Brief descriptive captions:
+---+
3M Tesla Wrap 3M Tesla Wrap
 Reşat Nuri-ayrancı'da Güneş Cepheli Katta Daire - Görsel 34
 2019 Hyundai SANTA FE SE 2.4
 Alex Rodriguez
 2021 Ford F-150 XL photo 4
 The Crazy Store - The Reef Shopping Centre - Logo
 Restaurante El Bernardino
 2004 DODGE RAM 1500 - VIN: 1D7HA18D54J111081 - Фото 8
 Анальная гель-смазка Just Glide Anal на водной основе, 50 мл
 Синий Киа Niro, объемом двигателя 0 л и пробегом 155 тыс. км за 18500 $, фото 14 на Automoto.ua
+---+
Try it ::
Quote exactly the stretch of lines above that starts at the first one and ends at the line with "2004 DODGE RAM", and nothing beyond it.

Answer to this problem ::
3M Tesla Wrap 3M Tesla Wrap
 Reşat Nuri-ayrancı'da Güneş Cepheli Katta Daire - Görsel 34
 2019 Hyundai SANTA FE SE 2.4
 Alex Rodriguez
 2021 Ford F-150 XL photo 4
 The Crazy Store - The Reef Shopping Centre - Logo
 Restaurante El Bernardino
 2004 DODGE RAM 1500 - VIN: 1D7HA18D54J111081 - Фото 8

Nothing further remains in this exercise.